The petition seeks to pile pressure on the Prime Minister to “do the right thing” by sacking Ms Reeves. It comes after the Office for Budget Responsibility (OBR) published an account of its communication with the Treasury on Friday.
A letter from the OBR revealed it told the Chancellor as early as September 17 that prevailing economic winds meant a black hole in the UK’s finances would be much smaller than previously believed. It then informed Ms Reeves in October that the spending gap had closed altogether.
But the Budget on Wednesday came after weeks of warnings from Ms Reeves that she would need to make “hard choices” in her financial plan.
Tory leader Kemi Badenoch posted on X: “Sack Reeves Now. We have learned that the Chancellor misrepresented the OBR’s forecasts. She sold her Benefits Street Budget on a lie. Honesty matters. Tell Starmer what he must already know – she has to go.”
Downing Street has so far defended Ms Reeves. A No.10 spokesperson insisted on Friday that the Chancellor did not mislead the public or markets when she warned of difficult decisions.
The website reads: “Rachel Reeves wanted her Budget for Benefits Street so badly, she lied about the OBR’s forecasts. All so she could justify breaking her promise not to raise tax on working people. Labour’s lies are costing us more and more. Sign the petition to make Keir Starmer do the right thing and sack Rachel Reeves.”
On November 4, Ms Reeves had set the scene for the Budget with a Downing Street speech which suggested tax rises were needed to secure the UK’s economic future and poor productivity growth would have “consequences for the public finances” in terms of lower tax revenue.
But the letter from the OBR to the Treasury Select Committee of MPs appeared to suggest an improved tax take from growing wages and inflation meant that gap had diminished before she even made the speech.
Ben Zaranko, an economist at the Institute for Fiscal Studies think tank, questioned the rationale behind the briefings in the run-up to the Budget.
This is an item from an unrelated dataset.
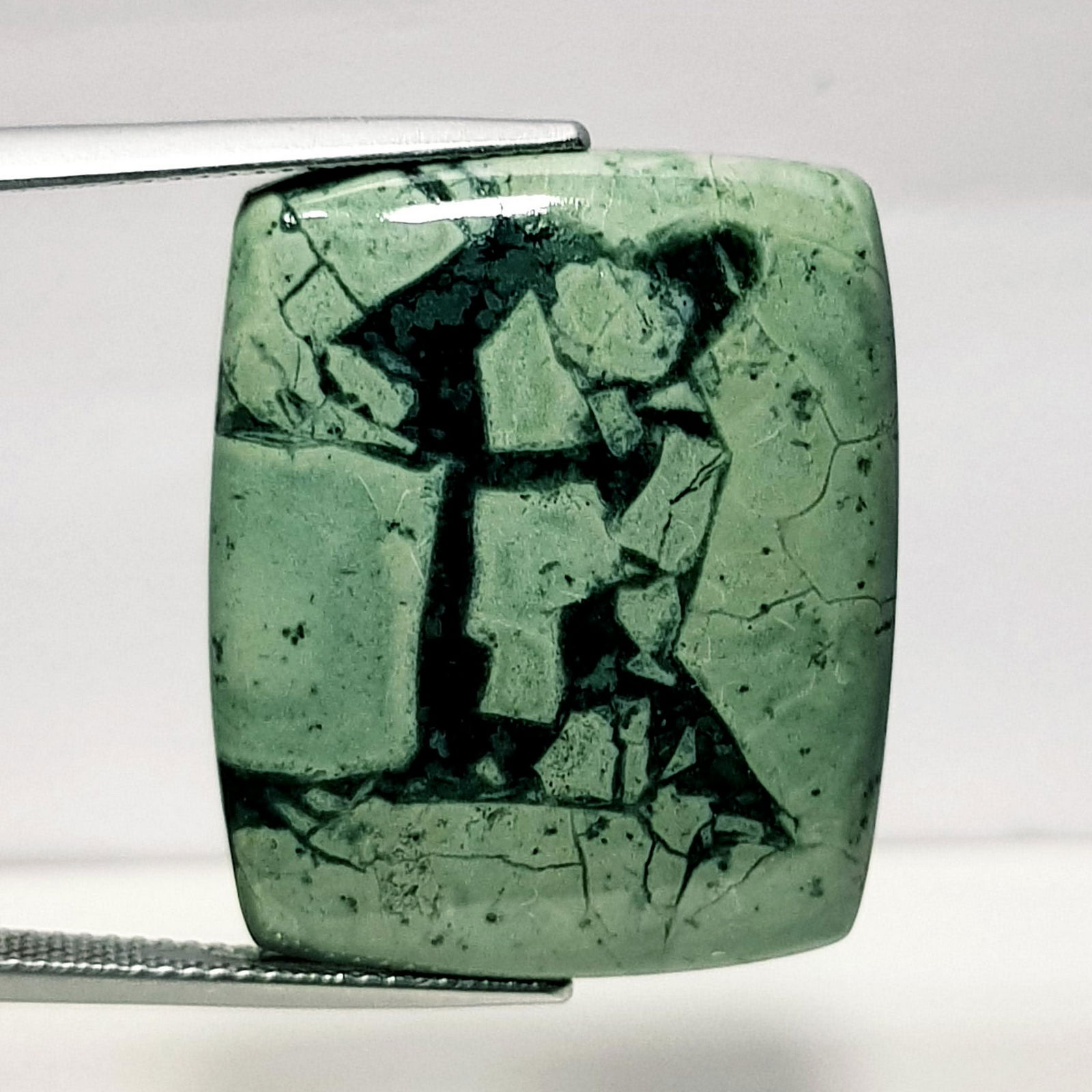 31.00 ct Natural Bracketed Turquoise (1 of 6)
He wrote on social media: “At no point in the process did the OBR have the Government missing its fiscal rules by a large margin. Leaves me baffled by the months of speculation and briefing.
“Was the plan to lead everyone to expect a big income tax rise, then surprise them on the day by not doing it..?”
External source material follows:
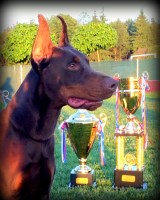 Unique Dobermans Doberman Pinscher breeder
At the Budget on Wednesday, Ms Reeves hiked taxes by £26billion, including by freezing thresholds on income tax. The tax hikes came in response to downgraded economic forecasts but also increased welfare spending because of the abolition of the two-child benefit cap and the Labour revolt over attempts to curb the benefits bill.
Ms Reeves also used some of the tax take to build herself a bigger buffer against her borrowing rules.
Mrs Badenoch posted on social media: “Yet more evidence, as if we needed it, that the Chancellor must be sacked. For months Reeves has lied to the public to justify record tax hikes to pay for more welfare. Her Budget wasn’t about stability. It was about politics: bribing Labour MPs to save her own skin. Shameful.”
Shadow chancellor Sir Mel Stride called on Ms Reeves to resign. He said: “Rachel Reeves’ broken tax promises and the briefing debacle in the run-up to the Budget have had real consequences for our economy and for people across the country. The Chancellor must now do the right thing and step down.”